# **AI TECH INSTITUTE** · *Intermediate AI & Data Science*
### Week 04 · Notebook 04 — Probability Distributions
**Instructor:** Amir Charkhi  |  **Goal:** Master probability distributions to predict and model real-world phenomena.

> Format: short theory → quick practice → build understanding → mini-challenges.


---
## Learning Objectives
- Understand what probability distributions are and why they matter
- Master the normal distribution and its magical properties
- Work with other key distributions (binomial, uniform)
- Apply distributions to solve real business problems
- Use Python's scipy.stats like a pro

## 1. What Are Probability Distributions?
**Your crystal ball for data**: Distributions tell you what values are possible and how likely each one is!

In [None]:
import numpy as np
import pandas as pd
import matplotlib.pyplot as plt
import seaborn as sns
from scipy import stats

# Set style for nice plots
sns.set_style('whitegrid')
plt.rcParams['figure.figsize'] = (8, 4)
%matplotlib inline

In [None]:
# Real-world examples of distributions
examples = {
    "📏 Heights": "Normal - most people average height, few very tall/short",
    "🎯 Test Scores": "Normal - most students score around average", 
    "💰 Income": "Right-skewed - few people earn very high incomes",
    "🎲 Dice Rolls": "Uniform - all outcomes equally likely",
    "📞 Call Center Calls": "Poisson - random events over time",
    "🪙 Coin Flips": "Binomial - counting successes in trials"
}

print("🌍 Distributions in the Real World:")
for phenomenon, description in examples.items():
    print(f"   {phenomenon}: {description}")
    
print("\n💡 Key insight: Once you know the distribution, you can make predictions!")

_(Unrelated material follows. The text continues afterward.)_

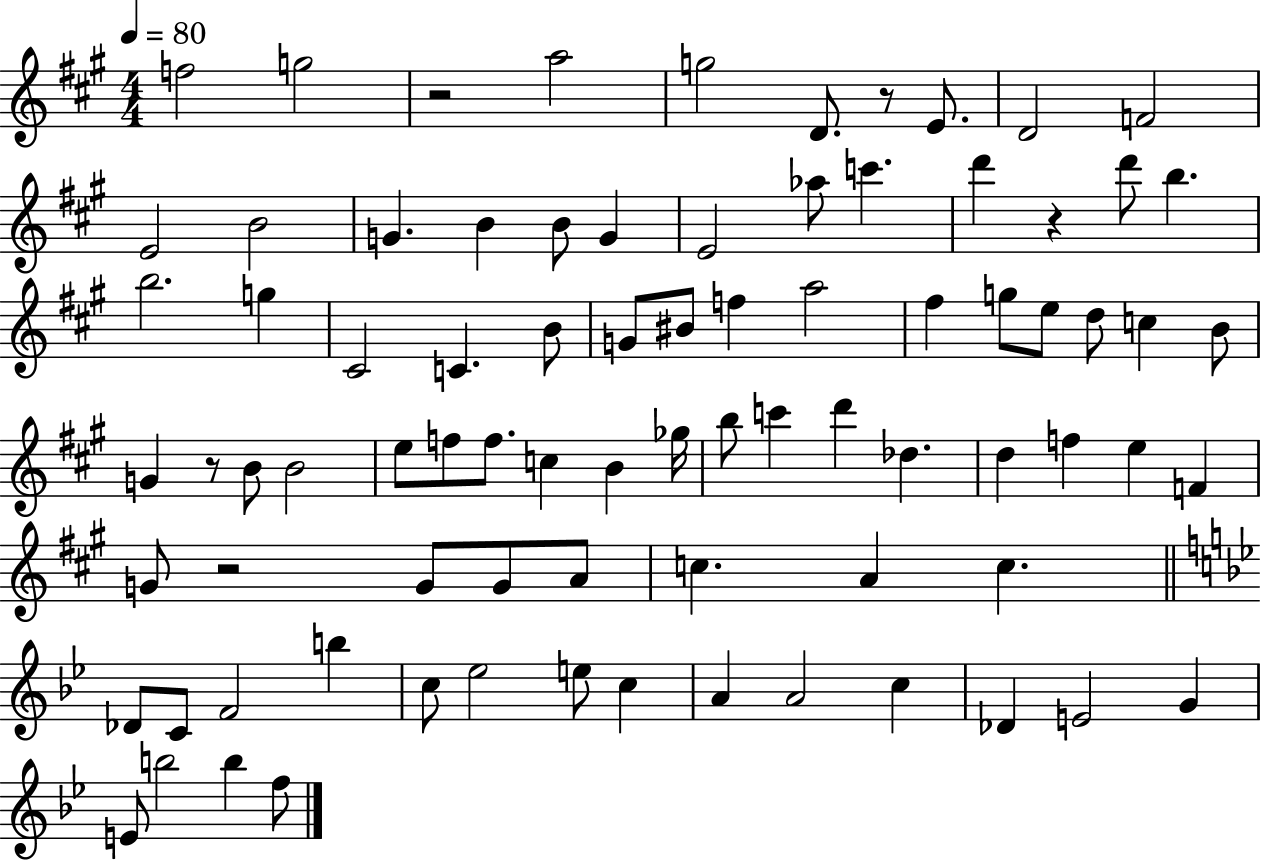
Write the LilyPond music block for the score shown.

## 2. The Normal Distribution: The Star of Statistics

### 2.1 Why Normal Distributions Rule the World

In [None]:
# Generate and explore normal distribution
mu = 100    # mean (center)
sigma = 15  # standard deviation (spread)
size = 1000

# Generate IQ scores (classic normal distribution example)
iq_scores = np.random.normal(mu, sigma, size)

print(f"🧠 IQ Score Distribution (n={size:,})")
print(f"   Target: mean={mu}, std={sigma}")
print(f"   Actual: mean={np.mean(iq_scores):.1f}, std={np.std(iq_scores, ddof=1):.1f}")
print(f"\n📊 Sample statistics match the theory!")

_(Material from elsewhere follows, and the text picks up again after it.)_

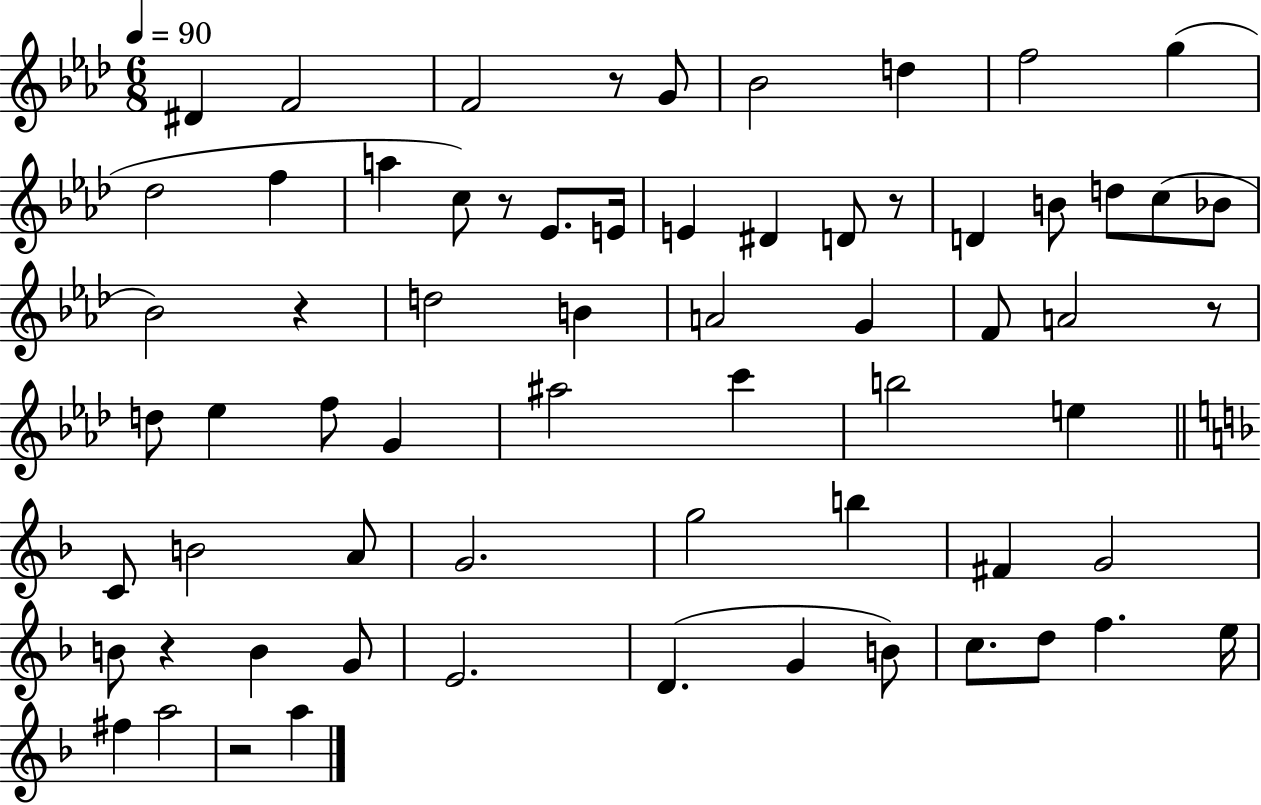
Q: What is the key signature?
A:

### 2.2 The Famous 68-95-99.7 Rule

In [None]:
# Verify the 68-95-99.7 rule
within_1_std = np.sum((iq_scores >= mu - sigma) & (iq_scores <= mu + sigma)) / len(iq_scores)
within_2_std = np.sum((iq_scores >= mu - 2*sigma) & (iq_scores <= mu + 2*sigma)) / len(iq_scores)
within_3_std = np.sum((iq_scores >= mu - 3*sigma) & (iq_scores <= mu + 3*sigma)) / len(iq_scores)

print("🎯 The Magic 68-95-99.7 Rule:")
print(f"   Within 1 std: {within_1_std:.1%} (theory: 68.0%)")
print(f"   Within 2 std: {within_2_std:.1%} (theory: 95.0%)")
print(f"   Within 3 std: {within_3_std:.1%} (theory: 99.7%)")
print(f"\n💡 This rule works for ANY normal distribution!")

In [None]:
# Visualize the rule
plt.figure(figsize=(12, 6))
x = np.linspace(mu - 4*sigma, mu + 4*sigma, 1000)
y = stats.norm.pdf(x, mu, sigma)

plt.plot(x, y, 'b-', linewidth=2, label='Normal Distribution')

# Fill areas for the rule
x1 = x[(x >= mu - sigma) & (x <= mu + sigma)]
y1 = stats.norm.pdf(x1, mu, sigma)
plt.fill_between(x1, y1, alpha=0.3, color='green', label='68% (±1σ)')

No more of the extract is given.